◆ Work item
Begin at the first line below and copy each line exactly, ending with the line where "Read From the" appears.

◆ Material for this task
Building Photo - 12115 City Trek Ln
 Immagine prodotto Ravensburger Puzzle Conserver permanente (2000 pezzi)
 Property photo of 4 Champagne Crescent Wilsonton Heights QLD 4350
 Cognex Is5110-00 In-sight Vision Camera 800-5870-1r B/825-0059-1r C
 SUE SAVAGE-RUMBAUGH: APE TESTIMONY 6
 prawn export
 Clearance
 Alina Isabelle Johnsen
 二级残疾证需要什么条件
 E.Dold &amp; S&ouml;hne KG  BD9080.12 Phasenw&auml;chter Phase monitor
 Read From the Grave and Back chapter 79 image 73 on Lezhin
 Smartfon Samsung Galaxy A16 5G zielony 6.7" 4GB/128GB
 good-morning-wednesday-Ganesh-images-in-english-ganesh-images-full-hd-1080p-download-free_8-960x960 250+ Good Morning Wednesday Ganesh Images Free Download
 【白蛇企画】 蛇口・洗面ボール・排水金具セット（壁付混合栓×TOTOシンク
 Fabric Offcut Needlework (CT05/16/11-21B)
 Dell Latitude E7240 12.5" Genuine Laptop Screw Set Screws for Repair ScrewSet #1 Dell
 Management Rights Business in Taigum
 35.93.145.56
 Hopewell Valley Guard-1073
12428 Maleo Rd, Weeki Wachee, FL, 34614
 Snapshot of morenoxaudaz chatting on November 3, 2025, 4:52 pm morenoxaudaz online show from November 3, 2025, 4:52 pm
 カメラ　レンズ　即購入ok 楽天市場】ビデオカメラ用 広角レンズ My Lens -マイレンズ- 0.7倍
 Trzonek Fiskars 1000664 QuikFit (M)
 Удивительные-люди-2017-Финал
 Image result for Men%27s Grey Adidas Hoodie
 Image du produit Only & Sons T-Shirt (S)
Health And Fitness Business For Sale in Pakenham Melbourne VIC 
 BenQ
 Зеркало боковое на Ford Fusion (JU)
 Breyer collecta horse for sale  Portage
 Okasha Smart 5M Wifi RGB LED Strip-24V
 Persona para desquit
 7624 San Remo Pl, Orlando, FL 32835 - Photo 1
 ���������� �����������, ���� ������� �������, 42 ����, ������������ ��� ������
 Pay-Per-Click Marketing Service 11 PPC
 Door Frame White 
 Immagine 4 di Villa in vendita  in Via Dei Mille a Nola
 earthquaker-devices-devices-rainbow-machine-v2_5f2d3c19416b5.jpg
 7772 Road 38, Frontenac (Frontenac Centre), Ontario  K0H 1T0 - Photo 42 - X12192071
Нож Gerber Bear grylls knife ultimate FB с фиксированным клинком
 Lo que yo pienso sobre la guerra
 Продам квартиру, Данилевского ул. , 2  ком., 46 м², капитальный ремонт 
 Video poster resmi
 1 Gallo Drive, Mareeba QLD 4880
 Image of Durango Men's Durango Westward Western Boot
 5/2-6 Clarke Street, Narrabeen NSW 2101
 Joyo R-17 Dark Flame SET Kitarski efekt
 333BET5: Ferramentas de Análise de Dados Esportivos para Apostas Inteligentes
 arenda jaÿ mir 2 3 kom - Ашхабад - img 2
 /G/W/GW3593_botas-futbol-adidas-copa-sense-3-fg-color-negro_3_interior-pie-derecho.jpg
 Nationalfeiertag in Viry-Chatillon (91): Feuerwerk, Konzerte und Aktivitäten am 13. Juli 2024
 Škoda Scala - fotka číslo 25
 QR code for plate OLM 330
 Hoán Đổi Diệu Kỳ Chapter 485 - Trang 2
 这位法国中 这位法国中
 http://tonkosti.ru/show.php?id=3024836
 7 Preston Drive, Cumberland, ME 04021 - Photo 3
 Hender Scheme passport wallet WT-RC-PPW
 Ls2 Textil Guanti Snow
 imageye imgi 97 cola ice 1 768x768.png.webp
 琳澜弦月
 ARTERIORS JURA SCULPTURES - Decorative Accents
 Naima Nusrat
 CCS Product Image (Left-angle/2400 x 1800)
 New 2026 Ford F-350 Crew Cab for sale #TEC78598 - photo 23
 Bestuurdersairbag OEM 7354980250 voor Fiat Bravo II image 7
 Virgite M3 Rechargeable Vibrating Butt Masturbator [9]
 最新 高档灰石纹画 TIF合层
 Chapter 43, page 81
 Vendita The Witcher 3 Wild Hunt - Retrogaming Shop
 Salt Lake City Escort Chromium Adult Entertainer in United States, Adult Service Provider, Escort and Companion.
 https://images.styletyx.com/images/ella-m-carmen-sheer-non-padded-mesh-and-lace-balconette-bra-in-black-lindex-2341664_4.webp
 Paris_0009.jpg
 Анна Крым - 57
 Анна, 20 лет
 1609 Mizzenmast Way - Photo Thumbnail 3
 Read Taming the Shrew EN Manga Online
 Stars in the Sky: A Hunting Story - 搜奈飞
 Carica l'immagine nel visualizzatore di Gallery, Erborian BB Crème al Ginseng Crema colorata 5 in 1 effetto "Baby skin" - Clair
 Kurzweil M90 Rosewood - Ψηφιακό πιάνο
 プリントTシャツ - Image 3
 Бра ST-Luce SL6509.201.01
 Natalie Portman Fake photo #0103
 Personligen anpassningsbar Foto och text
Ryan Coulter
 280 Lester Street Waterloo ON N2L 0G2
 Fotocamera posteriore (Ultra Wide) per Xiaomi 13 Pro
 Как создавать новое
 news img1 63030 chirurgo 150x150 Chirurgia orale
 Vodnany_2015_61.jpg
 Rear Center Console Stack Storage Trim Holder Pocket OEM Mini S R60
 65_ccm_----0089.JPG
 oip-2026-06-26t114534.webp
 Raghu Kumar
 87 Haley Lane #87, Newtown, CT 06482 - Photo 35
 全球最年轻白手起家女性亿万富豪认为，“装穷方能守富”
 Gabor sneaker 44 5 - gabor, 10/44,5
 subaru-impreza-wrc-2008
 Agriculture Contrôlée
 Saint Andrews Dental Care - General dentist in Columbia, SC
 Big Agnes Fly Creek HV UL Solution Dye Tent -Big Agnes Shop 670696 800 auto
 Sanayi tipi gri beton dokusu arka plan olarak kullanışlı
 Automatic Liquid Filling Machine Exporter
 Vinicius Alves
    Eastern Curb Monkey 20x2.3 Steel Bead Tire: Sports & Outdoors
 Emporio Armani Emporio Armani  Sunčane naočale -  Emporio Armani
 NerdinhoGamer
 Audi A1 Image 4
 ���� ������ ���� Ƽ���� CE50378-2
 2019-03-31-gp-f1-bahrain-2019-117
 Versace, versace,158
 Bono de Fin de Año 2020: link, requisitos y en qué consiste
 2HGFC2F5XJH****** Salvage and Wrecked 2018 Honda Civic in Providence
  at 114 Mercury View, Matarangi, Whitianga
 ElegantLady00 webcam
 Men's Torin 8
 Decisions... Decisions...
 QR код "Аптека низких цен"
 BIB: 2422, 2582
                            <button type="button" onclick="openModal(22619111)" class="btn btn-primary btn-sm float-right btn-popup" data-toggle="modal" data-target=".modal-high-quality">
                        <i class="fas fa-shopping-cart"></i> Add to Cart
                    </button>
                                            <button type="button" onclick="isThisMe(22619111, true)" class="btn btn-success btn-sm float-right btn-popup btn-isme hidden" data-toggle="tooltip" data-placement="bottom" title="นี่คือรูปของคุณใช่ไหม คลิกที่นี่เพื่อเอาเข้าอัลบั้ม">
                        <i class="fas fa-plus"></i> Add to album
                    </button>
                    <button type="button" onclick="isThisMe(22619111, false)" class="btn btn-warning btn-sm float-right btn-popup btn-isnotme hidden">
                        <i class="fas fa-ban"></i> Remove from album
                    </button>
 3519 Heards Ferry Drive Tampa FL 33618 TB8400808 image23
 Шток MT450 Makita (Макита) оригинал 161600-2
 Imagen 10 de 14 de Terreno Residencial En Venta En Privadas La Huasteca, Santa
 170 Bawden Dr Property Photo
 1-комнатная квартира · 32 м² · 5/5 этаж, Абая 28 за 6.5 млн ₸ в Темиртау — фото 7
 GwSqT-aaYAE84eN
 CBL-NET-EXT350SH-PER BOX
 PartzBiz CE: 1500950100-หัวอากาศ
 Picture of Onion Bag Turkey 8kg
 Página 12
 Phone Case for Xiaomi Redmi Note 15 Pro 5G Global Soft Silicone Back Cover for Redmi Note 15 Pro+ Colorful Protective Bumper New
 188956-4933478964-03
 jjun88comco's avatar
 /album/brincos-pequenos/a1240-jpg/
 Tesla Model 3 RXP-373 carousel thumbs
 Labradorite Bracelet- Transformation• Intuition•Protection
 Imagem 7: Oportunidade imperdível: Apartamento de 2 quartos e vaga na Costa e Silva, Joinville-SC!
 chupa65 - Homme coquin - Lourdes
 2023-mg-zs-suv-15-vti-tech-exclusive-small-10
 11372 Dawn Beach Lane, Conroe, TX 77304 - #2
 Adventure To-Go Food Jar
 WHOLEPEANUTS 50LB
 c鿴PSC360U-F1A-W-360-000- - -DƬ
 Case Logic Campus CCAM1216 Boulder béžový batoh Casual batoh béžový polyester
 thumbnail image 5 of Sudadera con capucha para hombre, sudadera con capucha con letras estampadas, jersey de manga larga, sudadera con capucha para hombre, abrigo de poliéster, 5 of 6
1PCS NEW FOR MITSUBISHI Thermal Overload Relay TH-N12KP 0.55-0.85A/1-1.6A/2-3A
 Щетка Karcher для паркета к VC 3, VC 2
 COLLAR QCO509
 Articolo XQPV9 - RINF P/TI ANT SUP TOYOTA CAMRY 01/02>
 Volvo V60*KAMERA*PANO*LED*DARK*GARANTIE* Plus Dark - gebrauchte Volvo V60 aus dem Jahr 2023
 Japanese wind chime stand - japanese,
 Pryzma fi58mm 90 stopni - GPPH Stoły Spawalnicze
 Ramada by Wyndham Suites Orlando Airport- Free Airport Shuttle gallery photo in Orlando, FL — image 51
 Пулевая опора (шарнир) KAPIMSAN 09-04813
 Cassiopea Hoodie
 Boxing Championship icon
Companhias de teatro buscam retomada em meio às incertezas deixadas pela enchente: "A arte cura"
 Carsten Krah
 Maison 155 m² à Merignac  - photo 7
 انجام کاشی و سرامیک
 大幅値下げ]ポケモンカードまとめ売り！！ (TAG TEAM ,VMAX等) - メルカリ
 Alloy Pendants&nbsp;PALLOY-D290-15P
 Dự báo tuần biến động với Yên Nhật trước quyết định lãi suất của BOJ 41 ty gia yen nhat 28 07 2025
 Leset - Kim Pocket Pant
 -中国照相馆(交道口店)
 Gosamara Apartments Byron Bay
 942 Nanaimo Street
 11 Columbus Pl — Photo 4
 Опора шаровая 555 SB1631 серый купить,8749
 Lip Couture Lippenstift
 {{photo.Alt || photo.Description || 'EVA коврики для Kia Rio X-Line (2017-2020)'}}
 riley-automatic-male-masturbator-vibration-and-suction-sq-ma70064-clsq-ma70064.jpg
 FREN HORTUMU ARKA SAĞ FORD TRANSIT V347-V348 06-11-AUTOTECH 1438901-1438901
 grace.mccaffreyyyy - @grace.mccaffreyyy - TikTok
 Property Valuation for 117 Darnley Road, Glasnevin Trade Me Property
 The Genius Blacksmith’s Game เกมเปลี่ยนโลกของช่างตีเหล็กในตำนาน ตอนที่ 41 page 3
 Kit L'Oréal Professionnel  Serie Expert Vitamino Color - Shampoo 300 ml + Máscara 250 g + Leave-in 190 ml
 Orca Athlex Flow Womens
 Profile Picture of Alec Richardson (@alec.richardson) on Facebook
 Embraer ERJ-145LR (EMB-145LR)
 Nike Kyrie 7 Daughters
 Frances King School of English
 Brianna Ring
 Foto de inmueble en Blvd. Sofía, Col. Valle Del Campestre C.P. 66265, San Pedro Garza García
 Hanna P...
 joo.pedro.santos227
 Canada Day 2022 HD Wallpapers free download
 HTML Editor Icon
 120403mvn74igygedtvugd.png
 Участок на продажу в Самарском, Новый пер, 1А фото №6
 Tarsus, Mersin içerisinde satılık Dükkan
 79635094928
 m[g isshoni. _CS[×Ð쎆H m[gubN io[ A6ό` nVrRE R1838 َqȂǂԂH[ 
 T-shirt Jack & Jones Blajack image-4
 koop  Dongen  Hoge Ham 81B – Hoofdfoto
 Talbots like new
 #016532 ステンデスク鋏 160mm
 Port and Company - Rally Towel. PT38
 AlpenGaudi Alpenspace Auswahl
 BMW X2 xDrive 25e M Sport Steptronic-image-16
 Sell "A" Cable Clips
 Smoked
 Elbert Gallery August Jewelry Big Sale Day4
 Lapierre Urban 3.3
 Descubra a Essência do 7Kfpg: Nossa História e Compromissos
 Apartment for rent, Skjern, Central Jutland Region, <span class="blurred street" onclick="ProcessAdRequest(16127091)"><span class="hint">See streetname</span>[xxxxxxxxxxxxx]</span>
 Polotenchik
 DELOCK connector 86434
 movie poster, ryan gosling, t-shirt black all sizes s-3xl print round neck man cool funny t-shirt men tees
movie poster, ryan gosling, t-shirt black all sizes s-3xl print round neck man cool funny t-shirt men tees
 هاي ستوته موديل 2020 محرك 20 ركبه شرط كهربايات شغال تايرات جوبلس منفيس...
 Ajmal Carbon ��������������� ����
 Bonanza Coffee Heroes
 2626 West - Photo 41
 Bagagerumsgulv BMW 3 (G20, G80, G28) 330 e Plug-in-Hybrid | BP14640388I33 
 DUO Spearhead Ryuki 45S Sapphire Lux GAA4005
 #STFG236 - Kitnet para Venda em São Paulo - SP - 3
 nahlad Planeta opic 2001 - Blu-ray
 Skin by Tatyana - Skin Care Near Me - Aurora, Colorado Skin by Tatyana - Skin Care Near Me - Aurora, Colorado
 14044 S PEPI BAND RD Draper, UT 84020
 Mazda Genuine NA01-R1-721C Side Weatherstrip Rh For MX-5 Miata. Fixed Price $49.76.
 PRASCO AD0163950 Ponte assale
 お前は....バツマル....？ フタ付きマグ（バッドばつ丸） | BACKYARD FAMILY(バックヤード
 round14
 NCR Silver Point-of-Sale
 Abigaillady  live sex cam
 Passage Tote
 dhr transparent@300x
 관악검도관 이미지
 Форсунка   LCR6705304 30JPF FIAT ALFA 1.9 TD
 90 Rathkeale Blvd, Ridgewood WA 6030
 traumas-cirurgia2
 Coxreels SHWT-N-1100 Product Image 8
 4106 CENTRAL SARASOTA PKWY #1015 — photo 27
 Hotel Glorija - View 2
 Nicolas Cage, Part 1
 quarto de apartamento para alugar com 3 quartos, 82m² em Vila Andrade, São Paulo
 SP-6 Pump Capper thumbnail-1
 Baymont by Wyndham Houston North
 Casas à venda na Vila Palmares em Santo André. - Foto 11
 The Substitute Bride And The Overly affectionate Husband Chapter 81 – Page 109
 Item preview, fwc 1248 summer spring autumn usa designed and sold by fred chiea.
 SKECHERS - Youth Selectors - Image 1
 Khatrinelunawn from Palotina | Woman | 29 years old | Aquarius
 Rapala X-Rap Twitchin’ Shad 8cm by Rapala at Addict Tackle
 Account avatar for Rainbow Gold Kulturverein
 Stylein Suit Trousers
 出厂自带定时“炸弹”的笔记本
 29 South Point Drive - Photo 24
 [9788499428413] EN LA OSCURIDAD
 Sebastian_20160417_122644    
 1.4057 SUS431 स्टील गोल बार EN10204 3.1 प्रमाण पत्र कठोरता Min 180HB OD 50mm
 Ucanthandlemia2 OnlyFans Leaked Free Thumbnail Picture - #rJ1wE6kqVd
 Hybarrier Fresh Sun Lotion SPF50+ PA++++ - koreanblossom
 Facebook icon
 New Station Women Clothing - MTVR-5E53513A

◆ Reply
Building Photo - 12115 City Trek Ln
 Immagine prodotto Ravensburger Puzzle Conserver permanente (2000 pezzi)
 Property photo of 4 Champagne Crescent Wilsonton Heights QLD 4350
 Cognex Is5110-00 In-sight Vision Camera 800-5870-1r B/825-0059-1r C
 SUE SAVAGE-RUMBAUGH: APE TESTIMONY 6
 prawn export
 Clearance
 Alina Isabelle Johnsen
 二级残疾证需要什么条件
 E.Dold &amp; S&ouml;hne KG  BD9080.12 Phasenw&auml;chter Phase monitor
 Read From the Grave and Back chapter 79 image 73 on Lezhin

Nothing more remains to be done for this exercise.